→ Exercise instructions: With pictures omitted, restate the data word for word.

→ Task material:

—————

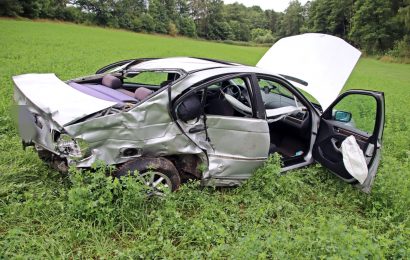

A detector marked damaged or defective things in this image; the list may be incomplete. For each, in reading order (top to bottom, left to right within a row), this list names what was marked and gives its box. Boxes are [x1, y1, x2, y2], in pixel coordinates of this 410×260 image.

crushed hood panel [12, 73, 117, 126]
damaged silver car [12, 33, 384, 193]
crushed hood panel [258, 33, 360, 109]
deployed airbag [340, 135, 368, 184]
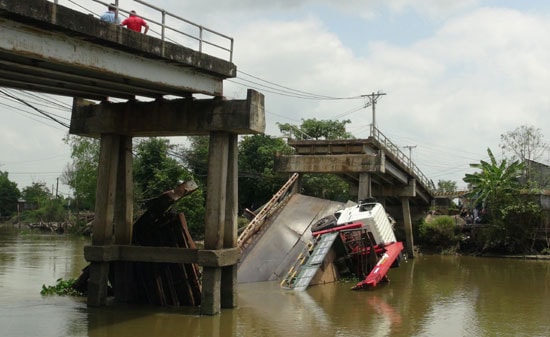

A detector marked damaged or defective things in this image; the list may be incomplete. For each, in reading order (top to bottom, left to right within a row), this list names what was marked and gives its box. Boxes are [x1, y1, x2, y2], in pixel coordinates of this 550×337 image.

bent metal structure [0, 0, 266, 316]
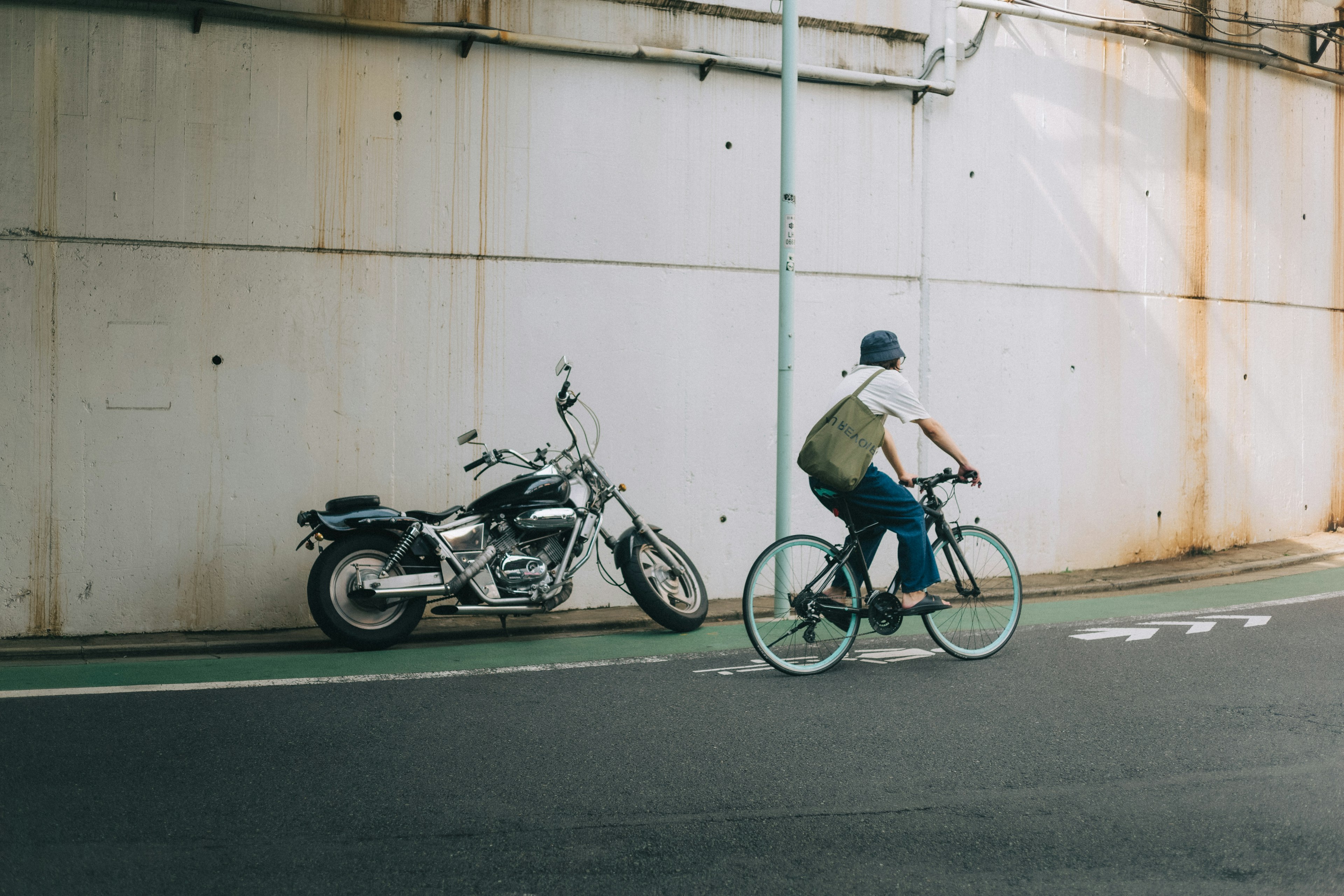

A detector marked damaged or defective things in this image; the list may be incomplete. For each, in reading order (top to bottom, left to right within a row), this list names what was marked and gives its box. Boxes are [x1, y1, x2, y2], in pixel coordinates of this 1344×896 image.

rust stain on wall [1183, 33, 1215, 553]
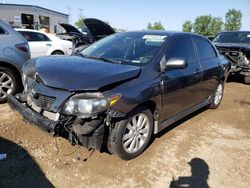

—————

→ Response box:
A detector marked damaged or defective things in this image; the list may be incomplete. For each, in reading order (top to bottom, left to right within a row), this list names what was marked and gives its box. Boxes are [x1, y1, x2, y2], in pixel coordinates of this 410×260 image.

crushed hood panel [12, 73, 117, 126]
damaged silver car [12, 33, 384, 193]
crushed hood panel [258, 33, 360, 109]
deployed airbag [340, 135, 368, 184]

A detector marked damaged or defective things in this image; the list may be incomplete. For each, in reading order (top to bottom, left to right within a row), this list names what was marked and gives its box. Boxes are [x1, y1, x2, y2], in pixel coordinates of this 550×337 image.

bent metal structure [0, 0, 266, 316]

A detector marked damaged or defective things in this image; the list may be incomplete. For each, in reading order (top to bottom, left to right within a row), this list names what was marked and gives its box. Boxes are [x1, y1, x2, y2], in pixel coordinates of this 1344×896 image.

rust stain on wall [1183, 33, 1215, 553]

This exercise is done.